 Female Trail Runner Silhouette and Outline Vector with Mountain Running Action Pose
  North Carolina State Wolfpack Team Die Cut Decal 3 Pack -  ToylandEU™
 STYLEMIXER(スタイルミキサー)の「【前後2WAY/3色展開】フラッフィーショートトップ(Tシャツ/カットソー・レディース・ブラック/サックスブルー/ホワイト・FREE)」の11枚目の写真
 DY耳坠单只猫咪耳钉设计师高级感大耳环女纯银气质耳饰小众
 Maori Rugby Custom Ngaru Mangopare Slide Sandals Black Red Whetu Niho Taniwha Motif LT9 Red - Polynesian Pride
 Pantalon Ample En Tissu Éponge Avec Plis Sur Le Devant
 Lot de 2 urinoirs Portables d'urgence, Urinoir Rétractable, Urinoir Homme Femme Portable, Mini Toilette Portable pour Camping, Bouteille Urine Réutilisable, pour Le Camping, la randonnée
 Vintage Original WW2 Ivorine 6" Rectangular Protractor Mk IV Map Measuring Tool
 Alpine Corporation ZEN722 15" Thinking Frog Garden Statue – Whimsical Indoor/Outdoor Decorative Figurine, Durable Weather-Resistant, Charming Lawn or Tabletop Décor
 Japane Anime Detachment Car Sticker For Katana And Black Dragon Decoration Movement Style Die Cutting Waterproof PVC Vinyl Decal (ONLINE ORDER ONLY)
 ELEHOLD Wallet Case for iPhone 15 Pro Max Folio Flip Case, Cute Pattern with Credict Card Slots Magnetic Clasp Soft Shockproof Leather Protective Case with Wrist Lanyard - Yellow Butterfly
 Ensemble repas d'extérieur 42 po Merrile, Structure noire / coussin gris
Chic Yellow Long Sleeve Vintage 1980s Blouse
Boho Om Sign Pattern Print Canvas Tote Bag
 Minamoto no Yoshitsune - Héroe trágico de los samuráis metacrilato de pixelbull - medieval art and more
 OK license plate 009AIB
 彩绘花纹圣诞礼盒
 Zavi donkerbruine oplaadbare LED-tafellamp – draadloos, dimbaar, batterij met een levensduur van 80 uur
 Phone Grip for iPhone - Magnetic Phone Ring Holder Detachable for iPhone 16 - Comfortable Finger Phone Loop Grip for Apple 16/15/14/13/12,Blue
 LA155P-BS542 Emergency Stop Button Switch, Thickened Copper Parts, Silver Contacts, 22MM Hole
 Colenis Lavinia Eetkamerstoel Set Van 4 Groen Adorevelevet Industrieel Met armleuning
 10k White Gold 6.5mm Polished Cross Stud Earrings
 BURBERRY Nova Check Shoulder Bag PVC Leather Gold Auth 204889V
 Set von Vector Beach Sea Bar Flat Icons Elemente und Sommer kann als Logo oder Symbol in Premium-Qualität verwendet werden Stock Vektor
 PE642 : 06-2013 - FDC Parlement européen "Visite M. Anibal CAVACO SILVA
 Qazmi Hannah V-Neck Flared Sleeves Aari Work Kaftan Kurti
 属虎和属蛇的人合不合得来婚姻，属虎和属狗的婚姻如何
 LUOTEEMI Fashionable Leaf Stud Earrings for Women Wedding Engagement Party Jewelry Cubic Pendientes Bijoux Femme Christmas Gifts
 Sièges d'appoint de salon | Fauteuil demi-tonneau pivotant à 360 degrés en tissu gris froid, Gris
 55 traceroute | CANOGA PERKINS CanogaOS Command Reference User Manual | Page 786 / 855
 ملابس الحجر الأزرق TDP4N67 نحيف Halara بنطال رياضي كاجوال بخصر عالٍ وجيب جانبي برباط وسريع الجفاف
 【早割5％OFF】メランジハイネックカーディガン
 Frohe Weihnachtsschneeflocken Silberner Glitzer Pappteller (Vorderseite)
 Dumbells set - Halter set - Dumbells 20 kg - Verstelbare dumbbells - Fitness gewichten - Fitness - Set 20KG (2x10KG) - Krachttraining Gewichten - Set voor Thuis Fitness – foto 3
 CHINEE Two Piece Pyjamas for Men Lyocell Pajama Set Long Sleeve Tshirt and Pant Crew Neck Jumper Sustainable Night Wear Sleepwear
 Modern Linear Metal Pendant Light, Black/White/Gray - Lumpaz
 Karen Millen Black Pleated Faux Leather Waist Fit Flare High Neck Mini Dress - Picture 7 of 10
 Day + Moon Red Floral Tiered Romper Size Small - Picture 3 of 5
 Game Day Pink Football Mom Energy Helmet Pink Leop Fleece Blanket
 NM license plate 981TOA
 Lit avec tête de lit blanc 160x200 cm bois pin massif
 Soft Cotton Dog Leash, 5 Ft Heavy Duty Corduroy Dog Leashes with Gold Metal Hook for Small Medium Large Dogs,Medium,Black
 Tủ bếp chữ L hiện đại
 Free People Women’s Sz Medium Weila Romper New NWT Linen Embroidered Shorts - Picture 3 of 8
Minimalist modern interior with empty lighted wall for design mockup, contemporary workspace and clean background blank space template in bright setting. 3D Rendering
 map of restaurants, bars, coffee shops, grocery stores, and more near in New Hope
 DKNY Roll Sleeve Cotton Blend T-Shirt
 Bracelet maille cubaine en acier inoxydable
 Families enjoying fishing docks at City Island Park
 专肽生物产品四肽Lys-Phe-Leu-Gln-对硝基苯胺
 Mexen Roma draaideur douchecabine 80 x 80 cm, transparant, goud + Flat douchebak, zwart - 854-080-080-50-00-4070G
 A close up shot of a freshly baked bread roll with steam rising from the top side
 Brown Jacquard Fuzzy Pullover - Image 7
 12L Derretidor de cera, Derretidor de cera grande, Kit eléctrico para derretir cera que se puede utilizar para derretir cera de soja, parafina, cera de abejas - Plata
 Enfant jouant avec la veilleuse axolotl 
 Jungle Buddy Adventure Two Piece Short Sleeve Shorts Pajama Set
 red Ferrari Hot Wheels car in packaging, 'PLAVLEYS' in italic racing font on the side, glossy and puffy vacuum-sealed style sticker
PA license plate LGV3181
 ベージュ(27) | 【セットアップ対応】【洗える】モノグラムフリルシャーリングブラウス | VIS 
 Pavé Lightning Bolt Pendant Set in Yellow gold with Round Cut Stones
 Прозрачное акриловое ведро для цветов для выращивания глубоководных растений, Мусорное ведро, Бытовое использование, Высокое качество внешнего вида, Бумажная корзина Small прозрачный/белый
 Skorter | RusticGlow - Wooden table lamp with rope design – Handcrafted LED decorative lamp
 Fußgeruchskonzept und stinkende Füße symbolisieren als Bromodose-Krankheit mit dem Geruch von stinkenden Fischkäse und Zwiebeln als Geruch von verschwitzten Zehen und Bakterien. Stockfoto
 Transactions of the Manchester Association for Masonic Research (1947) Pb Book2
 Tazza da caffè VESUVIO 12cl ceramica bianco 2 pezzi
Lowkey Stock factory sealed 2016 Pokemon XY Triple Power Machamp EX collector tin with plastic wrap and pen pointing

ACTION ITEM: Repeat exactly, and only, the run of lines from the start of the material above through the line that holds "PE642 : 06-2013".

ANSWER BOX:
 Female Trail Runner Silhouette and Outline Vector with Mountain Running Action Pose
  North Carolina State Wolfpack Team Die Cut Decal 3 Pack -  ToylandEU™
 STYLEMIXER(スタイルミキサー)の「【前後2WAY/3色展開】フラッフィーショートトップ(Tシャツ/カットソー・レディース・ブラック/サックスブルー/ホワイト・FREE)」の11枚目の写真
 DY耳坠单只猫咪耳钉设计师高级感大耳环女纯银气质耳饰小众
 Maori Rugby Custom Ngaru Mangopare Slide Sandals Black Red Whetu Niho Taniwha Motif LT9 Red - Polynesian Pride
 Pantalon Ample En Tissu Éponge Avec Plis Sur Le Devant
 Lot de 2 urinoirs Portables d'urgence, Urinoir Rétractable, Urinoir Homme Femme Portable, Mini Toilette Portable pour Camping, Bouteille Urine Réutilisable, pour Le Camping, la randonnée
 Vintage Original WW2 Ivorine 6" Rectangular Protractor Mk IV Map Measuring Tool
 Alpine Corporation ZEN722 15" Thinking Frog Garden Statue – Whimsical Indoor/Outdoor Decorative Figurine, Durable Weather-Resistant, Charming Lawn or Tabletop Décor
 Japane Anime Detachment Car Sticker For Katana And Black Dragon Decoration Movement Style Die Cutting Waterproof PVC Vinyl Decal (ONLINE ORDER ONLY)
 ELEHOLD Wallet Case for iPhone 15 Pro Max Folio Flip Case, Cute Pattern with Credict Card Slots Magnetic Clasp Soft Shockproof Leather Protective Case with Wrist Lanyard - Yellow Butterfly
 Ensemble repas d'extérieur 42 po Merrile, Structure noire / coussin gris
Chic Yellow Long Sleeve Vintage 1980s Blouse
Boho Om Sign Pattern Print Canvas Tote Bag
 Minamoto no Yoshitsune - Héroe trágico de los samuráis metacrilato de pixelbull - medieval art and more
 OK license plate 009AIB
 彩绘花纹圣诞礼盒
 Zavi donkerbruine oplaadbare LED-tafellamp – draadloos, dimbaar, batterij met een levensduur van 80 uur
 Phone Grip for iPhone - Magnetic Phone Ring Holder Detachable for iPhone 16 - Comfortable Finger Phone Loop Grip for Apple 16/15/14/13/12,Blue
 LA155P-BS542 Emergency Stop Button Switch, Thickened Copper Parts, Silver Contacts, 22MM Hole
 Colenis Lavinia Eetkamerstoel Set Van 4 Groen Adorevelevet Industrieel Met armleuning
 10k White Gold 6.5mm Polished Cross Stud Earrings
 BURBERRY Nova Check Shoulder Bag PVC Leather Gold Auth 204889V
 Set von Vector Beach Sea Bar Flat Icons Elemente und Sommer kann als Logo oder Symbol in Premium-Qualität verwendet werden Stock Vektor
 PE642 : 06-2013 - FDC Parlement européen "Visite M. Anibal CAVACO SILVA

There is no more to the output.